She told me ten minutes ago. I’m still processing.
The wine helps, but it’s also led me down a few questionable paths lately, so I’m not about to trust it completely. I’ve amended my vow: I am not drinking only if Dominic is nearby, since I can’t be trusted to make good choices.
So far this week, we’ve stuck to our plan to pretend Monday night never happened. We’ve been polite, probably too polite as we dance around each other in a finely tuned choreography of avoidance. Our conversations are about work and work only. No late nights at the office, no more tidbits about our personal lives. His face is as stoic as it’s ever been. For the first time, I’m dreading tomorrow’s show, and painting with Ameena isn’t as much of a distraction as I’d hoped it would be.
Part of me is relieved we’ve been able to put it behind us, but another part—a part that’s growing larger each day—can’t stop thinking about the kiss. Can’t get his stupid nice face out of my head. That brush of lips was so brief that sometimes I’m convinced I imagined it. I haven’t even told Ameena.
And it’s not just the kiss. It’s what we talked about, our shared loneliness, and how I felt we might be turning a corner in our relationship. Because if the kiss didn’t happen, then none of that did, either. We’re not friends? Dominic had asked. No. I suppose we’re not.
“Do you want help with the interview?” I ask Ameena, banishing Dominic to the darkest corner of my brain and tying him to a chair. No. Wait. That’s worse.
She shakes her head. “TJ’s been really great about it.” Then, without looking up from her painting, she says, “He said last night that he’d move with me if I get the job.”
“Oh . . . oh wow.” I let this sink in. At least if TJ were here, Ameena would have more of a reason to visit. I don’t want to admit my biggest fear: that I am not enough of a reason on my own. “That’s good, yeah?”

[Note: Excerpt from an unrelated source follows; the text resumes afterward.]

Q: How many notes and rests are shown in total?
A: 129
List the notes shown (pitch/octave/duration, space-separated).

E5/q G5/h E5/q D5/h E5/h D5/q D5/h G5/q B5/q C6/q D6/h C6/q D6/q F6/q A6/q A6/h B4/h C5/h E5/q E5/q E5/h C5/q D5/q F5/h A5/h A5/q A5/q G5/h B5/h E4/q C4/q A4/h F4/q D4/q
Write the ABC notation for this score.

“Yes and no,” she says. “It would make my decision easier if they offer me the job, but it’s still going to be a tough one.”

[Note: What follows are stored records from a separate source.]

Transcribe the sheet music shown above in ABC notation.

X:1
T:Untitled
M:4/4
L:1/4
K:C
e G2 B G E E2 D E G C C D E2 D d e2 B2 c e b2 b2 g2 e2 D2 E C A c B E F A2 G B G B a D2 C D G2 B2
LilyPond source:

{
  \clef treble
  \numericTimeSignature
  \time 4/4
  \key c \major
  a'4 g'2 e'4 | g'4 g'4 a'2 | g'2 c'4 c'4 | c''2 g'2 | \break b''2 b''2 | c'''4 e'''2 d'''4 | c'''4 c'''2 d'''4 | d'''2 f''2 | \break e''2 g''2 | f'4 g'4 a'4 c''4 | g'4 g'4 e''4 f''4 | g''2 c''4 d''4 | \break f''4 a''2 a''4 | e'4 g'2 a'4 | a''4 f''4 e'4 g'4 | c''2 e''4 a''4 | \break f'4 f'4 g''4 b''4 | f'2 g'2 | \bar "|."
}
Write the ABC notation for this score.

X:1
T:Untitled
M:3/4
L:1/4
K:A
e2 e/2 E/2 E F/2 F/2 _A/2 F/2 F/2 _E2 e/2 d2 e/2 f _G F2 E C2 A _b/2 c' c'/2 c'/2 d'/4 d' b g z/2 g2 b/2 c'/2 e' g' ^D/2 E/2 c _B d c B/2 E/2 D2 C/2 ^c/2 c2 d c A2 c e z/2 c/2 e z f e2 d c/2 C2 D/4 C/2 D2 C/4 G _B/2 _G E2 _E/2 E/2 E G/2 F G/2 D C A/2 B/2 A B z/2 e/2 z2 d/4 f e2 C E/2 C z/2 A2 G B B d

“I’d come see you. We could do Virginian things, like . . .”
“You don’t know anything about Virginia, do you?”
“It’s for lovers?”
“Supposedly.” She sips her wine. “And are you still pretending your cohost isn’t cute?”
My face heats up. You’re cute. That was what he said Monday night. Then he said he liked my hair down—liked it a lot. In related news, I’ve worn ponytails the past two days.

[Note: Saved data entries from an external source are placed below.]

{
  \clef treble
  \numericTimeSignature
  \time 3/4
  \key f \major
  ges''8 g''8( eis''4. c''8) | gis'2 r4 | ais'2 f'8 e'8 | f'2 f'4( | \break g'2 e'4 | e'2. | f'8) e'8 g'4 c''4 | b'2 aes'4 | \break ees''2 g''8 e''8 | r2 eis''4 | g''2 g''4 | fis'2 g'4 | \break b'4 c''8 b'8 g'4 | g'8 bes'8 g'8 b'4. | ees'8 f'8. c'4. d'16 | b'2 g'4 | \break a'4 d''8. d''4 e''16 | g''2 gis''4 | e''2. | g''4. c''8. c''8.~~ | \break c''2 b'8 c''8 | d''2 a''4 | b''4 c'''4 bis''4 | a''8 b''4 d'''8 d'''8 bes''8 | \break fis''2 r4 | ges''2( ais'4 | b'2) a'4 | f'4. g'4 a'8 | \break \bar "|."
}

“I can admit he’s cute. But even if I liked him, and even if he liked me, which he doesn’t, this wouldn’t be able to be a thing.” If he had any nonprofessional feelings for me, he wouldn’t have been so eager to forget the kiss. Simple as that.
“Why not?”
I glance around, then lower my voice. “The whole point of the show is that we used to date, and that our breakup was amicable enough for us to host it together.
“So maybe you got back together.”
Lies on top of lies. “It wouldn’t work,” I say. “You know how I get in relationships. How much of a nightmare would it be if I somehow fell for him, and he didn’t feel the same way, and we were stuck still hosting the show together?”
“Okay, okay. You’re right,” she says, but in this way that sounds like she knows I won’t listen to anyone but myself about this. And she’s not wrong, but I’m not wrong, either. Dating Dominic Yun would be a catastrophe. Even the hypothetical is enough to turn my stomach inside out.
Ameena’s staring at my painting. “Can you at least turn that thing away from me?”
* * *
—
I decide to wear my hair down the next day. Show day.
I wake up early, by which I mean I had a Dominic nightmare around three a.m. and couldn’t fall back asleep. I have plenty of time to shower, let my hair air-dry, and straighten my bangs.
And it doesn’t look bad at all.
Even though I want to drag my chair away from his before we start recording, I sit down next to him the way I do every Thursday, fold my hands primly on the table in front of me. If he notices the lack of ponytail, he’s not giving anything away. I shouldn’t be disappointed.
For this episode, our fifth, it was Ruthie’s idea for Dominic to quiz me on dating slang.
“Breadcrumbing,” he says, glancing up from his notes and lifting his eyebrows at me. A challenge. It’s the most personality he’s shown me all week, and I try to ignore the shiver it sends down my spine.
“That one’s obvious,” I say. “It’s when you’re dating a cannibal who lives in the woods. In a gingerbread house.”